Obama aides said they remain confident of the president's standing among the 1.87 million women registered to vote in Colorado.

"Women's strong support for President Obama is going to decide this election," Jeremy Bird, the campaign's national field director wrote in a memo that noted "hundreds of Colorado women" participated in Obama-sponsored early voting events.

The 2012 presidential contest would not be the first one that women decided. Fewer than 30,000 votes decided the state's 2010 U.S. Senate seat, with women choosing Democrat Michael Bennet over Ken Buck by a margin of 17 percent.

Buck drew the ire of women's groups -- and ultimately lost votes -- for what was perceived to be a pattern of insensitive remarks about gender.

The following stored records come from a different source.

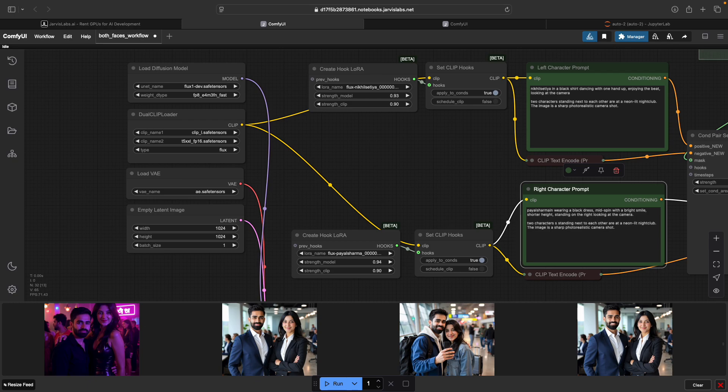This kind of setup is perfect for personalized AI portraits, relationship storytelling, or even generating concept art with two strong visual identities in the frame. So let me know if this makes sense with you. Thank you.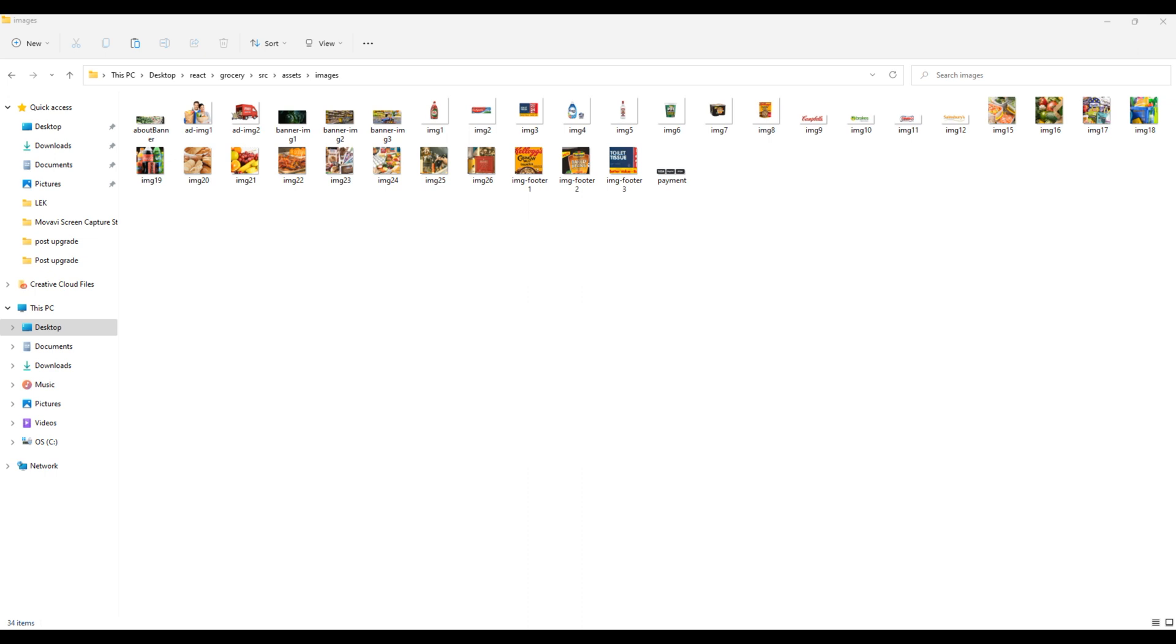Now we have everything we need to start the project. In the next session we'll work on the top bar and design icons. Feel free to comment below if you have any questions. Also, please don't forget to like, share, and subscribe to my channel to get more videos in the future. Thank you and see you soon.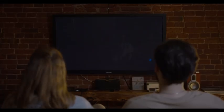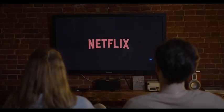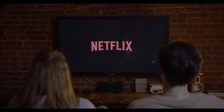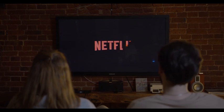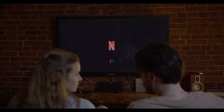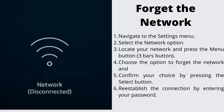Number 4: Forget the Network. Now that we have done a fresh scan of all the available networks, the next step is to try to forget your Wi-Fi network altogether and re-establish the connection. If you click on your network and it connects right away without asking for a password, follow these steps: use the Fire Stick remote to navigate to the Settings menu, select the Network option, locate your network and press the Menu button for more options, choose the option to forget the network and confirm by pressing the Select button, then re-establish the connection by entering your password.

While Romney has largely avoided gaffes on women's issues, he has drawn fire for what critics say are shifting views on issues like abortion.

"He's switched back and forth so many times that I think it's impossible to tell what he really believes, and it's very dangerous to assume one way or the other," Cowart said.

Republicans are betting that Colorado women will base their choice on the state's economy, which has an unemployment rate 1.6 percent higher than when Obama took office.

"The social issues are very important to women, but I think right now those kind of fall second to jobs and the economy," said Frances Owens, a former Colorado first lady who is helping to lead Romney's efforts to win over women. "The social issues matter, but they're not going to matter as much."

Cowart disagreed.

"I think that's another example of the folks who have these more conservative views just misreading what's going on," she said. "Women's health is an economic issue. ... When people say these are just social issues, it demonstrates they totally don't get it."